[Collected data entries]
==================================================

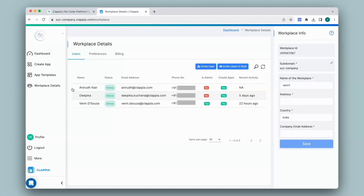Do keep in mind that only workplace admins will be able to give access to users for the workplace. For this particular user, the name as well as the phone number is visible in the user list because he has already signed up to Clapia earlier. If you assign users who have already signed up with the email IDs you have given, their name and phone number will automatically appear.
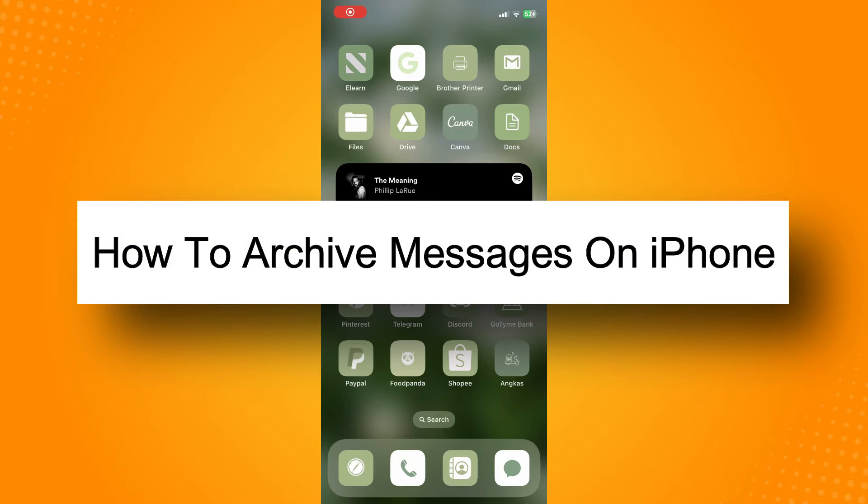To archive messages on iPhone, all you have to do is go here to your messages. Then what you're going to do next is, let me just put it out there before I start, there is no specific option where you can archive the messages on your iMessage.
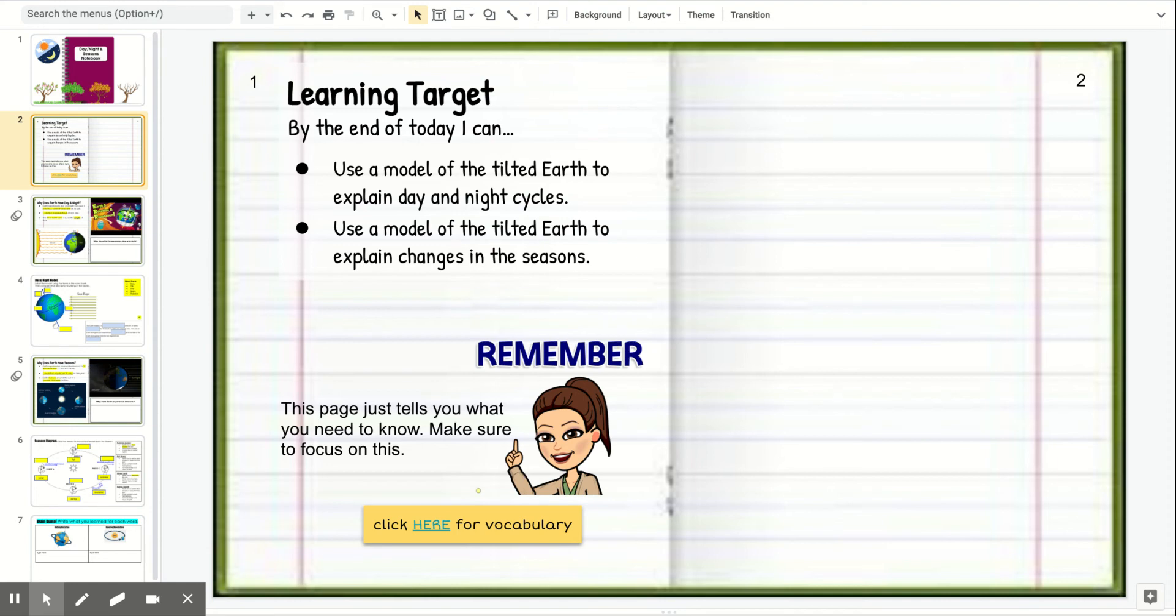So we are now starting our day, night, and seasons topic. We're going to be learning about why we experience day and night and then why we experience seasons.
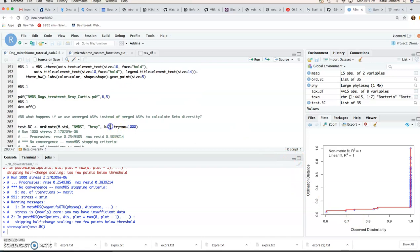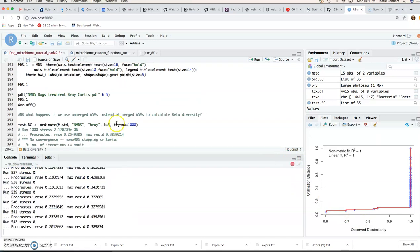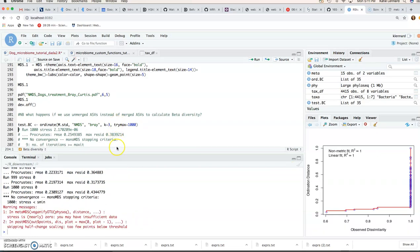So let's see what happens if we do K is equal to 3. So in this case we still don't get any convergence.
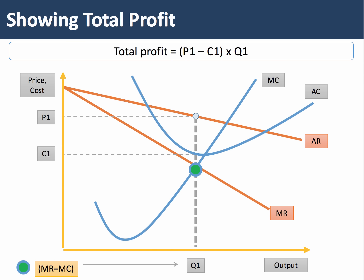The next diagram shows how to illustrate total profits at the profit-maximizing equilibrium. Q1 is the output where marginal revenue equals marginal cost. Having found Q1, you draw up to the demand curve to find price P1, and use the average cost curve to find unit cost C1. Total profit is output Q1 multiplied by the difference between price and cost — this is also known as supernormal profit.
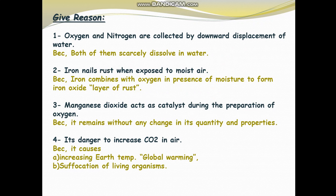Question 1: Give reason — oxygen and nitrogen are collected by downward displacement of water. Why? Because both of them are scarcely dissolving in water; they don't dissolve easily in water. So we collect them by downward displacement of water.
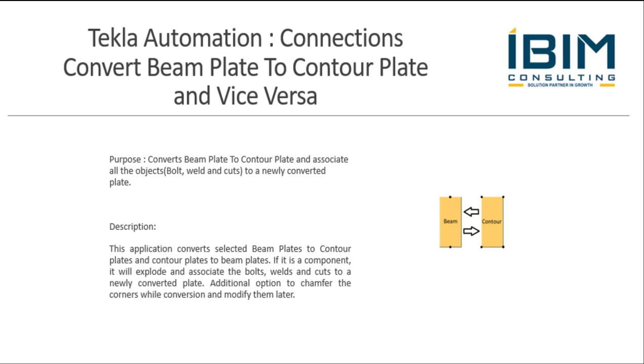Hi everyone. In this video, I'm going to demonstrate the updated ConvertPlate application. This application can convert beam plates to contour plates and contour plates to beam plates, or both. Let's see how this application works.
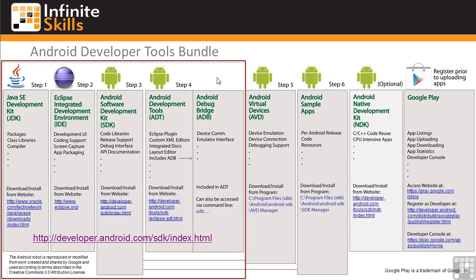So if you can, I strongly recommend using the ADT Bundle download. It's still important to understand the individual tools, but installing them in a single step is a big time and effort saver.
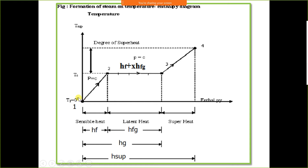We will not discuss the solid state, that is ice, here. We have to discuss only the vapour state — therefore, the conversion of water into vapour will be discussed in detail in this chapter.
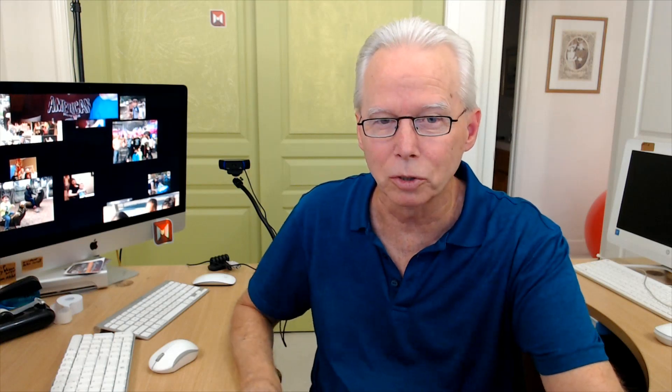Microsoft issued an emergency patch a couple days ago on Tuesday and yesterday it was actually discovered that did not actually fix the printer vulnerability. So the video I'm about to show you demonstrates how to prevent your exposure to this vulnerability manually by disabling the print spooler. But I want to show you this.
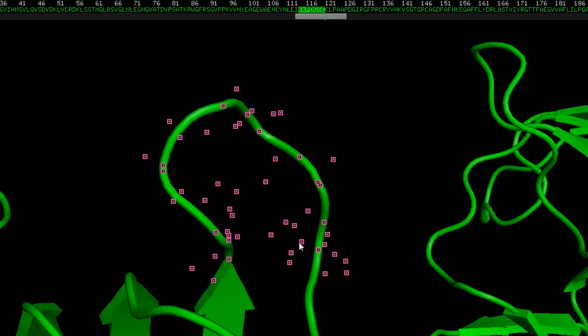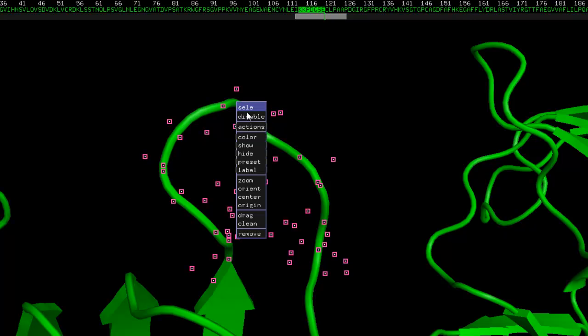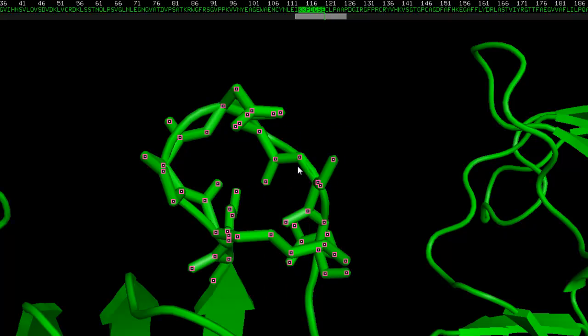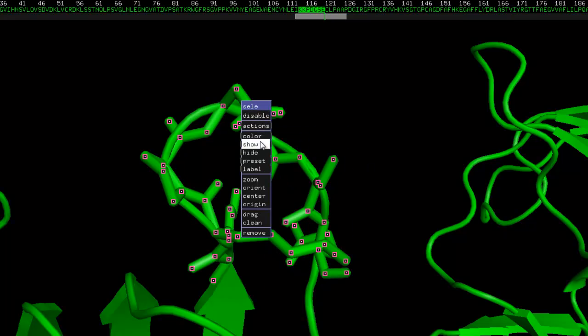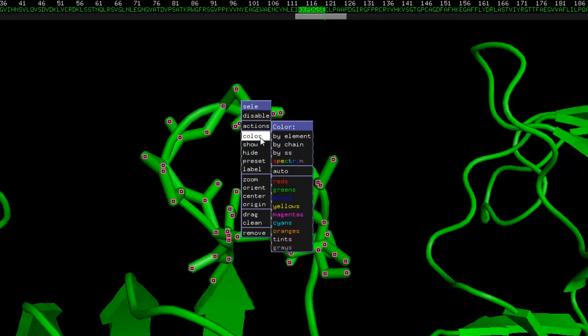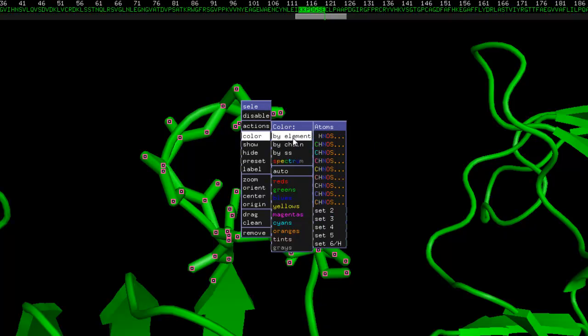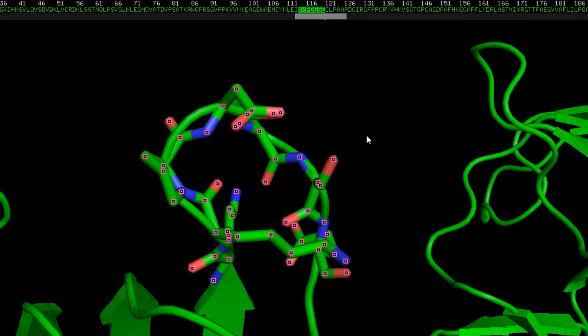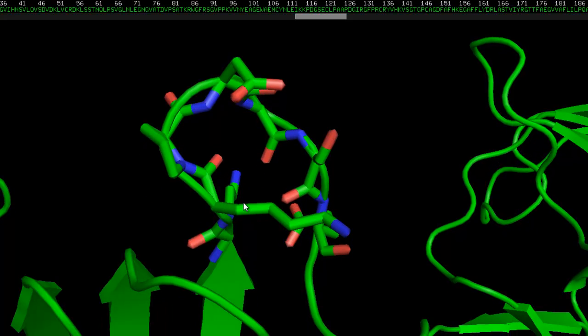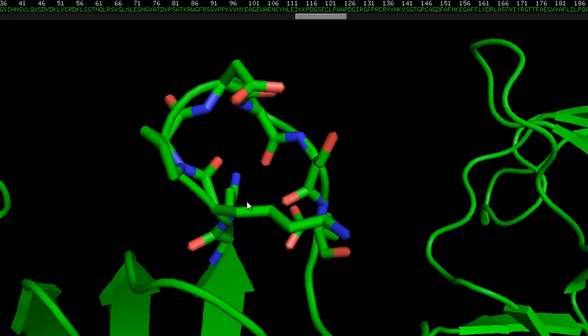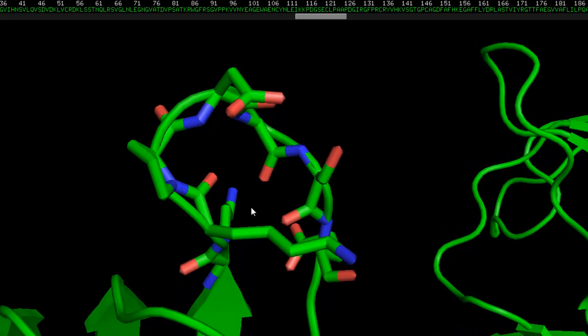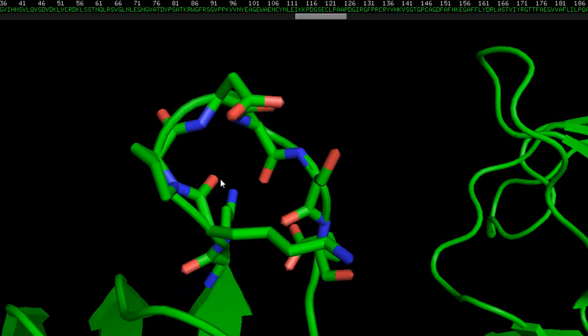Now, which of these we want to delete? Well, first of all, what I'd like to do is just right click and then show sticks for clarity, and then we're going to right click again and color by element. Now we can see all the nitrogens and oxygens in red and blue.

==================================================

**Exercise aim**
Nothing but the lines from the one containing "Hi everyone. In" through the last line of the data should appear in the answer, copied exactly, with pictures excluded.

**Finished exercise**
Hi everyone. In this video, I'm going to demonstrate the updated ConvertPlate application. This application can convert beam plates to contour plates and contour plates to beam plates, or both. Let's see how this application works.
So if you can, I strongly recommend using the ADT Bundle download. It's still important to understand the individual tools, but installing them in a single step is a big time and effort saver.
We will not discuss the solid state, that is ice, here. We have to discuss only the vapour state — therefore, the conversion of water into vapour will be discussed in detail in this chapter.
Microsoft issued an emergency patch a couple days ago on Tuesday and yesterday it was actually discovered that did not actually fix the printer vulnerability. So the video I'm about to show you demonstrates how to prevent your exposure to this vulnerability manually by disabling the print spooler. But I want to show you this.
Now, which of these we want to delete? Well, first of all, what I'd like to do is just right click and then show sticks for clarity, and then we're going to right click again and color by element. Now we can see all the nitrogens and oxygens in red and blue.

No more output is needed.